Today marks 12 months since changes were made to the immigration rules for migrant domestic workers. These changes followed the independent review by James Ewins who was asked to assess how far the then existing arrangements for workers were effective in protecting them from abuse. One of the main recommendations in the review and accepted by the government, was the introduction of group information meetings. These should provide a safe, comfortable and confidential space for workers to get independent information, advice and support concerning their employment and immigration rights while at work in the UK. They are also an opportunity for workers to come together, socialise and share their experiences with each other.

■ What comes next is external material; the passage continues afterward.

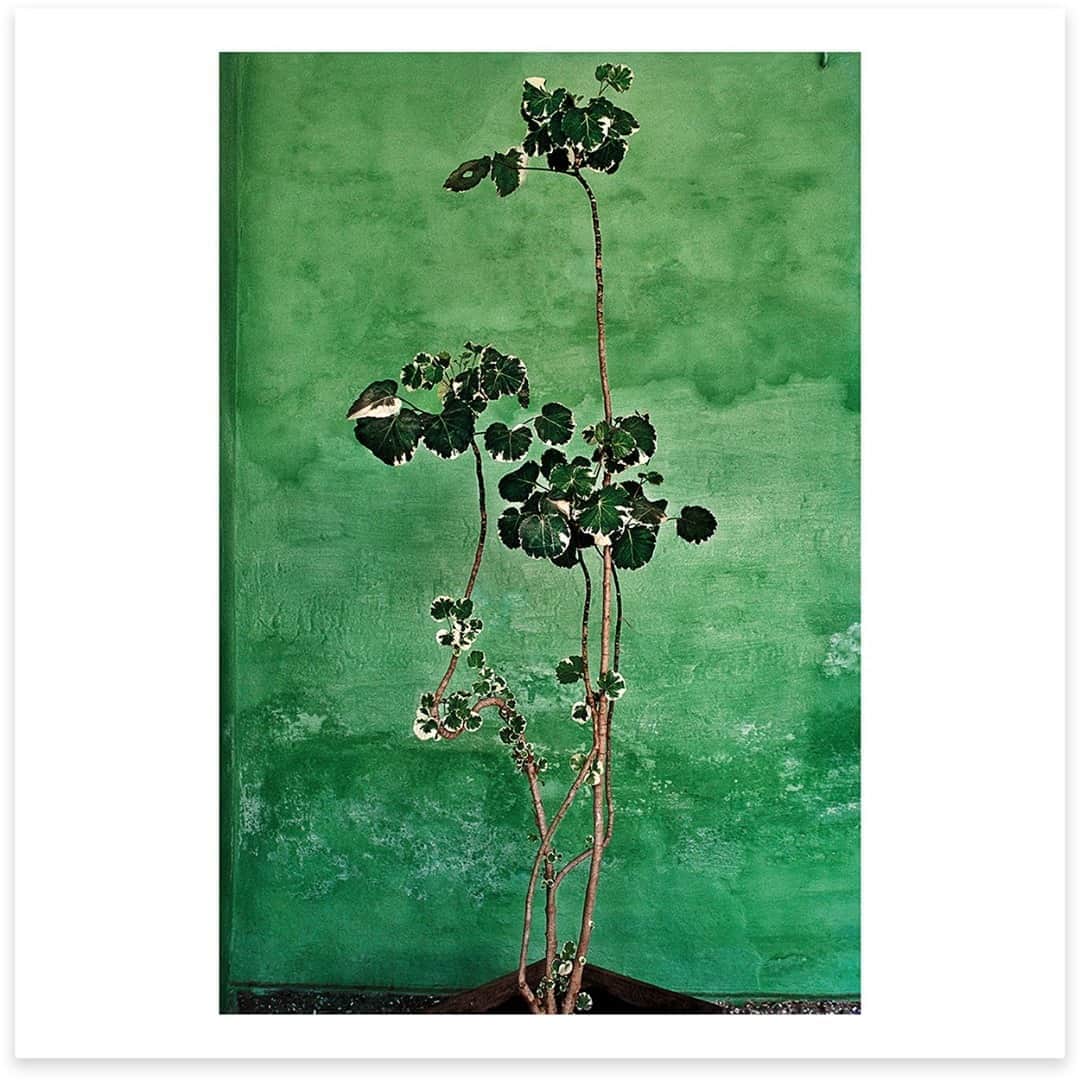 Magnum Photosさんのインスタグラム写真 - (Magnum PhotosInstagram)「“When a palette of various shades of greens begins to play its symphony...It kindles you into a new awakening that lives beyond imagination. ⁠ ⁠ "I was staying in an old guest house outside the Dudhwa National Park wildlife sanctuary, in Uttar Pradesh. Early one day, before I could even order my morning tea, this plant with multiple shades of  greens and a dash of white at the end of every leaf lit the spark — swaying gently against this old, shaded green wall. This is a kind of gift of nature that is granted to you once in a while. It was just a delight, and I received it with thanks.” – Raghu Rai⁠ .⁠ Works of Imagination, the October Magnum Square Print Sale in partnership with @aperturefnd is now live on the Magnum Shop, for one week only.⁠ .⁠ Build your photography collection with this unique opportunity to purchase signed or estate-stamped prints by over 100 of the world’s leading photographic artists for $100. ⁠ .⁠ Link in bio to shop the full selection.⁠ ⁠ .⁠ PHOTO: From the book Trees. India. 2013–2015. ⁠ .⁠ © @raghurai.official /#MagnumPhotos⁠ ⁠ #MAGNUMSQUARE #WorksofImagination #printsale」10月20日 21時01分 - magnumphotos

More than 12 months have passed since the government responded to the independent review and made changes to the immigration rules. During this time approximately 17,000 domestic workers will have arrived in the UK to work for their employer. Regrettably the government has still to implement the information meetings so workers remain uninformed of their rights in the UK. Unfortunately the changes made to the immigration rules are of no worth to domestic workers who are not aware of and are able to enforce their rights.
In the last 12 months Kalayaan has continued to register domestic workers who are unaware of the terms of their visa, including the right to change employer and that this is not conditional upon proving abuse. Workers report not knowing what the National Minimum Wage is, that they should retain control of their passport, have a copy of their employment contract and have access to healthcare.
One of these clients was Leela who arrived in the UK on a domestic worker visa issued after April 2016. Leela was forced to accompany her employer to the UK as she was tied under the kafala system in Saudi Arabia which prevents workers from leaving their employers without their permission. Leela sought work abroad to help support her family who are reliant on her remittances to pay for basic essentials including food, clothes and rent.
After Leela arrived in the UK, her passport was taken from her. She stayed with her employer and their family in a hotel in London. She slept on the floor and was given no food to eat. She was responsible for her employer’s children and expected to be on call 24/7. She was not allowed outside unaccompanied. She survived by stealing the children’s food. She was never paid for her work as her employer told her it had cost a lot of money to bring her to the UK. Leela decided to run away as she could no longer endure working long hours with no food and no money.
When Leela came to Kalayaan she did not know she had the right to leave her employer and work for someone else. She says if she had known she had rights, she wouldn’t have tolerated her treatment and would have left her abusive employer a lot earlier.
Kalayaan has been informed that the government cannot make information meetings compulsory as there is no provision in law to make it a condition of the visa. The effect of this means that those who have no or severe restrictions placed on their freedom, those who need this information most, will not be in a position to attend which undermines the reasons behind introducing information meetings. This is at complete odds with the recommendation made in the independent review which discusses why a voluntary system would be wholly inadequate and why all evidence points to a mandatory condition to ensure workers fundamental rights are protected.